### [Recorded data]
*** Begin section ***
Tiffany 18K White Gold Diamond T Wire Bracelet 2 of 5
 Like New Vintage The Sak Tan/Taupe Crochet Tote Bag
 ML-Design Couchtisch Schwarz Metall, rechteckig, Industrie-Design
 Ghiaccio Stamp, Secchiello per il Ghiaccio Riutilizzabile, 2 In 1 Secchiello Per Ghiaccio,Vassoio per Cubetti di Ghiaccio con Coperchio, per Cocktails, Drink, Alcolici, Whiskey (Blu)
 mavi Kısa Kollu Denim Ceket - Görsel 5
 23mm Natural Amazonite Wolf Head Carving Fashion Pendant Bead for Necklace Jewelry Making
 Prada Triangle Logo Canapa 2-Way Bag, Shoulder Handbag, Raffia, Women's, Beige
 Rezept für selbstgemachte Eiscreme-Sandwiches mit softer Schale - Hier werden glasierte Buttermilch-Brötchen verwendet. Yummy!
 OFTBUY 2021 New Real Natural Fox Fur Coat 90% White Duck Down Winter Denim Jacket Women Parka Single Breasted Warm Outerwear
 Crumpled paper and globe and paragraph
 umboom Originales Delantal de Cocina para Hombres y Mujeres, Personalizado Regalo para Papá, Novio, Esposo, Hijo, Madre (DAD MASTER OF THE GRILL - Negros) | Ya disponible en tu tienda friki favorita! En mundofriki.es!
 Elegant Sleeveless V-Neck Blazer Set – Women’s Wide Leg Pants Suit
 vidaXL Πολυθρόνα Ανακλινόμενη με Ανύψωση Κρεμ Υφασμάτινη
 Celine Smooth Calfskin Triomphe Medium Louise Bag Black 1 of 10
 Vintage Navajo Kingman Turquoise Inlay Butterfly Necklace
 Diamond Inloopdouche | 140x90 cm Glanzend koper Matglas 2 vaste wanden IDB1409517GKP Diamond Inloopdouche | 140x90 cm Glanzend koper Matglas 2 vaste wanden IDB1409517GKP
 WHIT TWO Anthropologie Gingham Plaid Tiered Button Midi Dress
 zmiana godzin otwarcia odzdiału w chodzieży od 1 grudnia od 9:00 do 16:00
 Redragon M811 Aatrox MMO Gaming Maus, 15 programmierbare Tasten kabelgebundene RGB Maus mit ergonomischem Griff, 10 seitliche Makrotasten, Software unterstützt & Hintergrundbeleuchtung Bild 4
*** End section ***
### [EXERCISE]
Make an exact transcription of the entries.

### [OUTPUT BELOW]
Tiffany 18K White Gold Diamond T Wire Bracelet 2 of 5
 Like New Vintage The Sak Tan/Taupe Crochet Tote Bag
 ML-Design Couchtisch Schwarz Metall, rechteckig, Industrie-Design
 Ghiaccio Stamp, Secchiello per il Ghiaccio Riutilizzabile, 2 In 1 Secchiello Per Ghiaccio,Vassoio per Cubetti di Ghiaccio con Coperchio, per Cocktails, Drink, Alcolici, Whiskey (Blu)
 mavi Kısa Kollu Denim Ceket - Görsel 5
 23mm Natural Amazonite Wolf Head Carving Fashion Pendant Bead for Necklace Jewelry Making
 Prada Triangle Logo Canapa 2-Way Bag, Shoulder Handbag, Raffia, Women's, Beige
 Rezept für selbstgemachte Eiscreme-Sandwiches mit softer Schale - Hier werden glasierte Buttermilch-Brötchen verwendet. Yummy!
 OFTBUY 2021 New Real Natural Fox Fur Coat 90% White Duck Down Winter Denim Jacket Women Parka Single Breasted Warm Outerwear
 Crumpled paper and globe and paragraph
 umboom Originales Delantal de Cocina para Hombres y Mujeres, Personalizado Regalo para Papá, Novio, Esposo, Hijo, Madre (DAD MASTER OF THE GRILL - Negros) | Ya disponible en tu tienda friki favorita! En mundofriki.es!
 Elegant Sleeveless V-Neck Blazer Set – Women’s Wide Leg Pants Suit
 vidaXL Πολυθρόνα Ανακλινόμενη με Ανύψωση Κρεμ Υφασμάτινη
 Celine Smooth Calfskin Triomphe Medium Louise Bag Black 1 of 10
 Vintage Navajo Kingman Turquoise Inlay Butterfly Necklace
 Diamond Inloopdouche | 140x90 cm Glanzend koper Matglas 2 vaste wanden IDB1409517GKP Diamond Inloopdouche | 140x90 cm Glanzend koper Matglas 2 vaste wanden IDB1409517GKP
 WHIT TWO Anthropologie Gingham Plaid Tiered Button Midi Dress
 zmiana godzin otwarcia odzdiału w chodzieży od 1 grudnia od 9:00 do 16:00
 Redragon M811 Aatrox MMO Gaming Maus, 15 programmierbare Tasten kabelgebundene RGB Maus mit ergonomischem Griff, 10 seitliche Makrotasten, Software unterstützt & Hintergrundbeleuchtung Bild 4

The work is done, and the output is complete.